» **WHAT IS EXPECTED**: After locating the line with "Pode incluir: Um" in the entries below, output it and each following line up to and including the line with "Sesto San Giovanni, al", exactly and without pictures.

» **RECORDS SHOWN**:

********

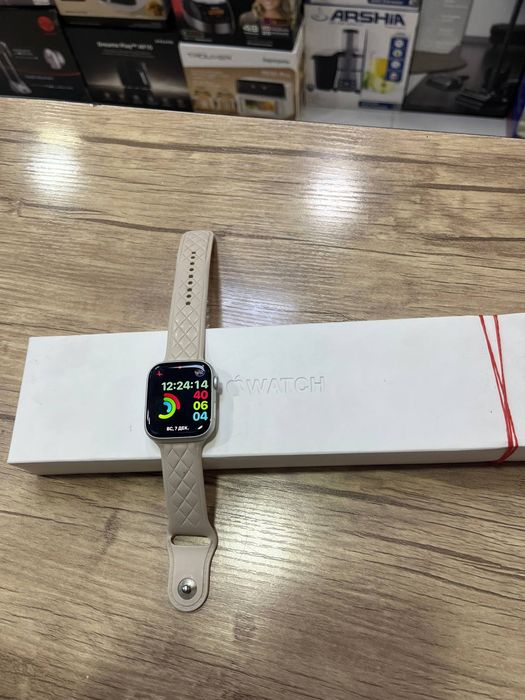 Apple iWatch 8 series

********

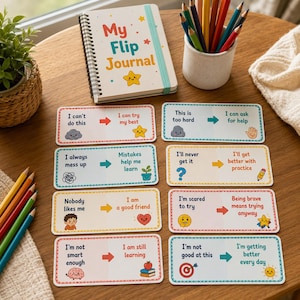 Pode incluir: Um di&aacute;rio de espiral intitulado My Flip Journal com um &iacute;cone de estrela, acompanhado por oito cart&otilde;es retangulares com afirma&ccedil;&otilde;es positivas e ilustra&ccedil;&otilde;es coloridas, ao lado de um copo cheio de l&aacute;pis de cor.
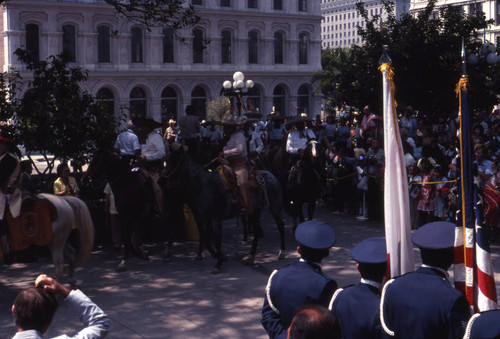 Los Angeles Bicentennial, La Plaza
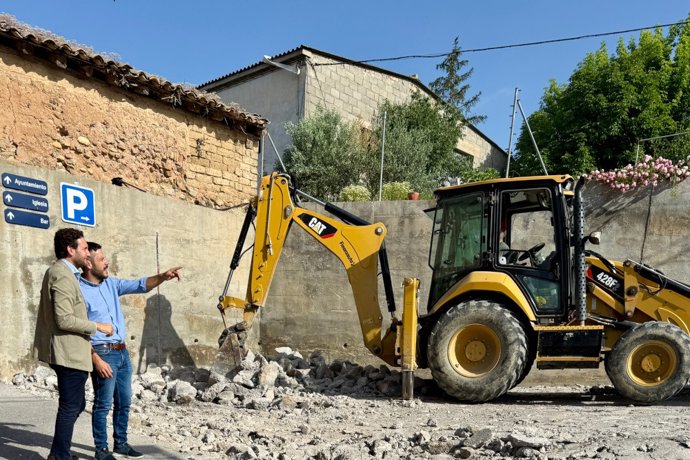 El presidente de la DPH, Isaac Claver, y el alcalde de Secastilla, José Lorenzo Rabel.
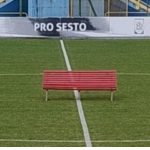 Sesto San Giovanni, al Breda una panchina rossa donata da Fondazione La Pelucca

********

» **RESPONSE**:
 Pode incluir: Um di&aacute;rio de espiral intitulado My Flip Journal com um &iacute;cone de estrela, acompanhado por oito cart&otilde;es retangulares com afirma&ccedil;&otilde;es positivas e ilustra&ccedil;&otilde;es coloridas, ao lado de um copo cheio de l&aacute;pis de cor.
 Los Angeles Bicentennial, La Plaza
 El presidente de la DPH, Isaac Claver, y el alcalde de Secastilla, José Lorenzo Rabel.
 Sesto San Giovanni, al Breda una panchina rossa donata da Fondazione La Pelucca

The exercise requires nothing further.